+++ EXERCISE MATERIALS
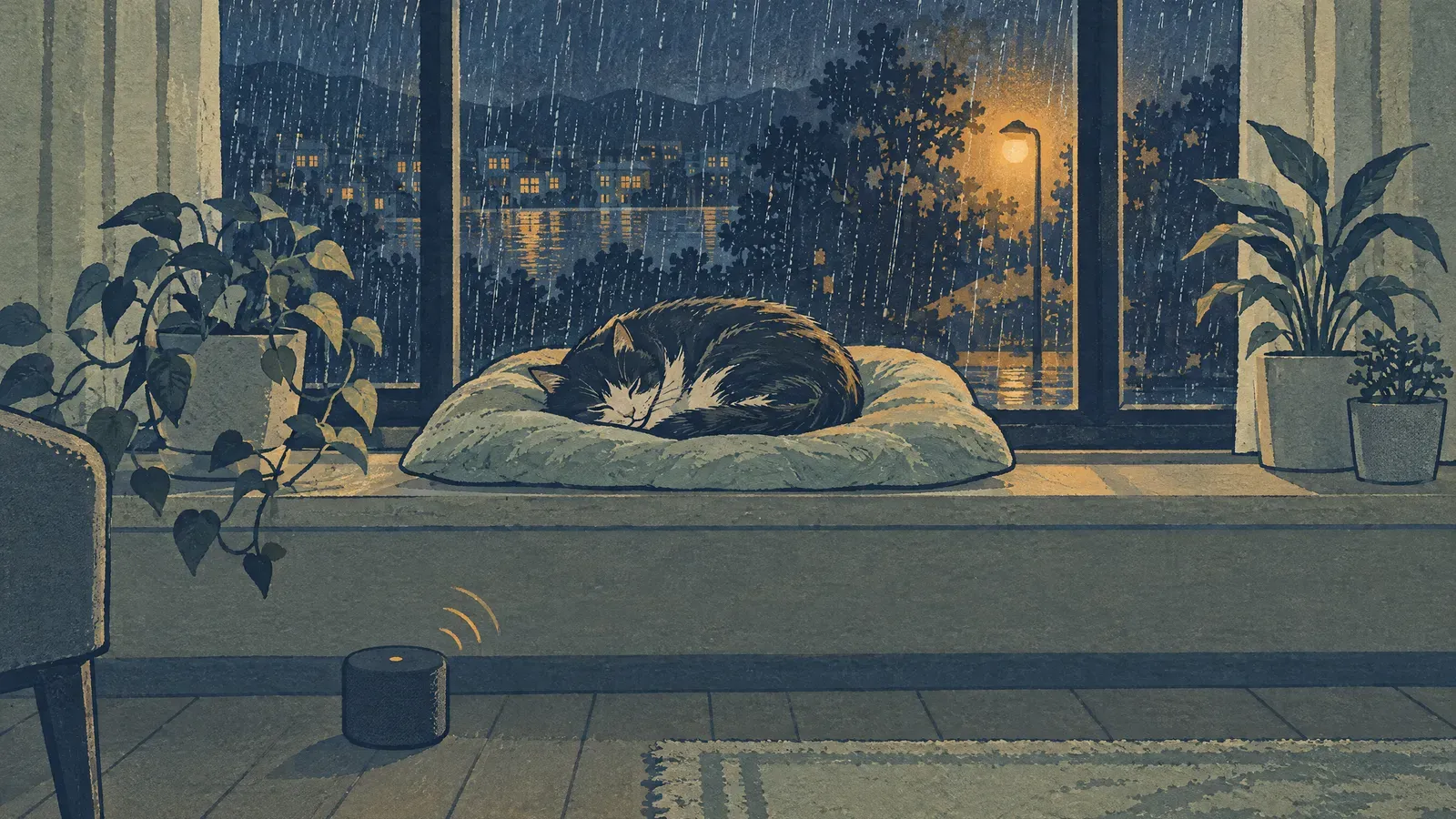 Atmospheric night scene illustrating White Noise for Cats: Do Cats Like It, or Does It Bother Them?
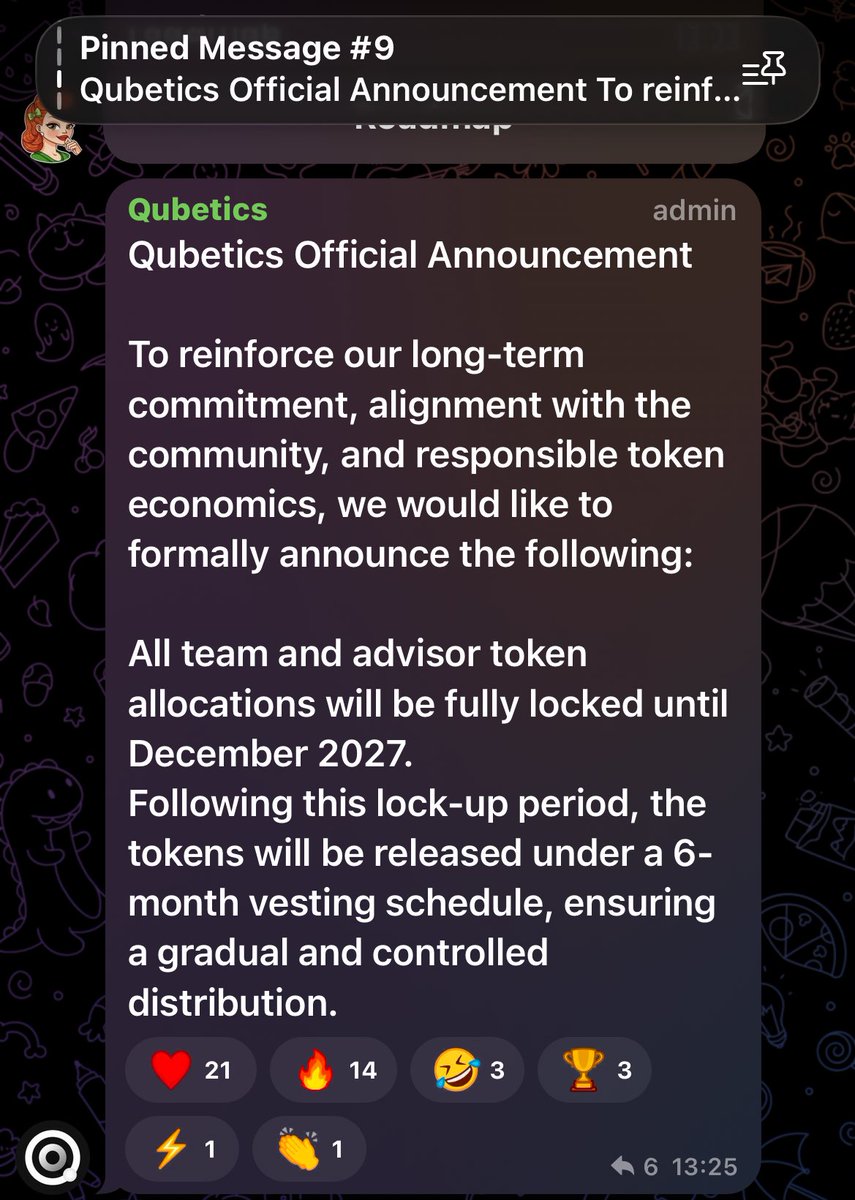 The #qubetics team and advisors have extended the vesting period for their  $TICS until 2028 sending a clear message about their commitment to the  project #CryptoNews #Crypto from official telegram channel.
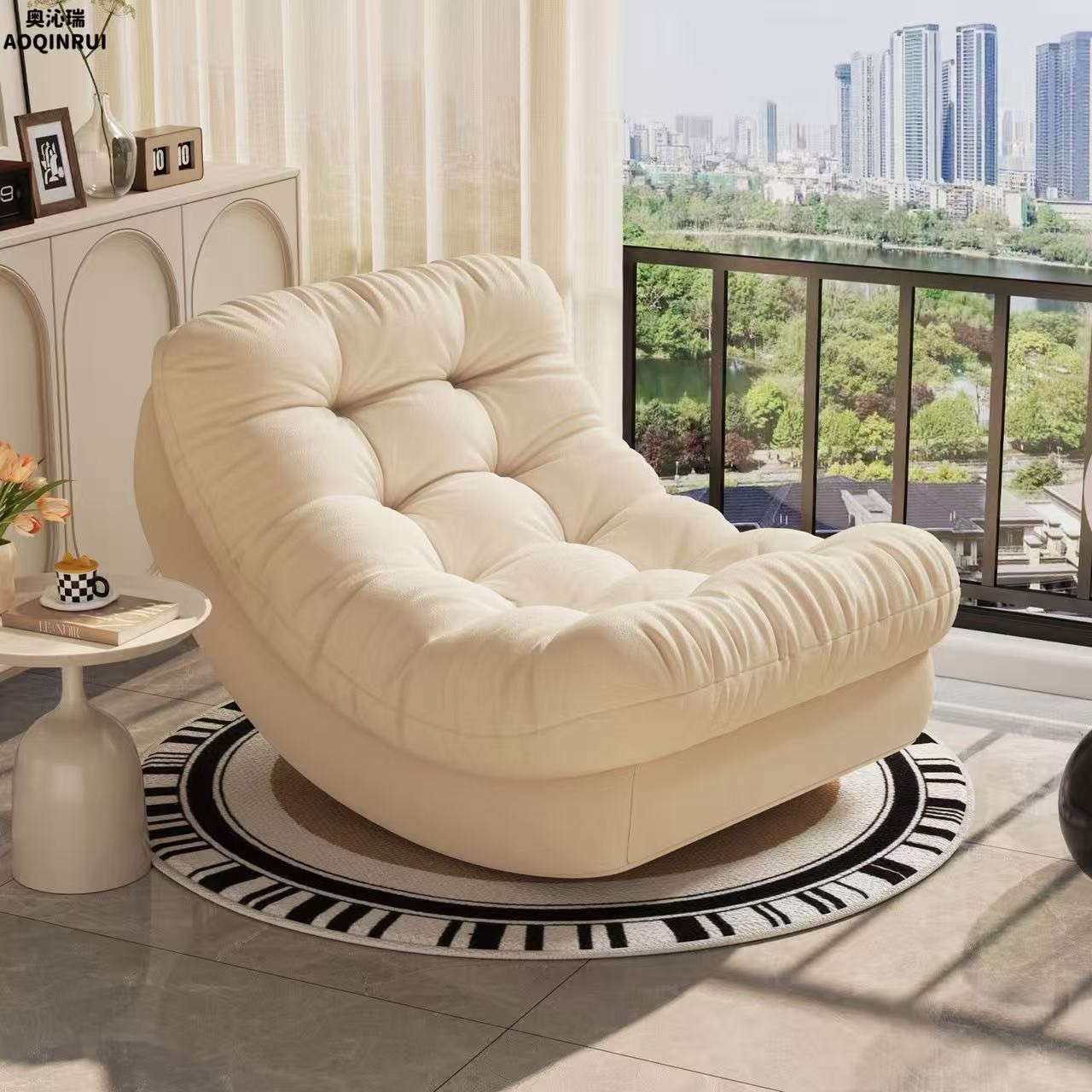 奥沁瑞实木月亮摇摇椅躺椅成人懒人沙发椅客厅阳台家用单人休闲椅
++++++
+++ EXERCISE MATERIALS
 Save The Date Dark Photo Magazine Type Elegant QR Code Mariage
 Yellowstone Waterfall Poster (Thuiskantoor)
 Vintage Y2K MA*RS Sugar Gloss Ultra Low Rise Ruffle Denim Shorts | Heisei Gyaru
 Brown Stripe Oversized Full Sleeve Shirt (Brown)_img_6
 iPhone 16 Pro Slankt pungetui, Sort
++++++
WHAT THE TASK REQUIRES: Please copy, exactly as written, every line in the listing above from the line with "Vintage Y2K MA*RS" up to and including the line with "iPhone 16 Pro Slankt pungetui, Sort".

ANSWER TO THE EXERCISE:
 Vintage Y2K MA*RS Sugar Gloss Ultra Low Rise Ruffle Denim Shorts | Heisei Gyaru
 Brown Stripe Oversized Full Sleeve Shirt (Brown)_img_6
 iPhone 16 Pro Slankt pungetui, Sort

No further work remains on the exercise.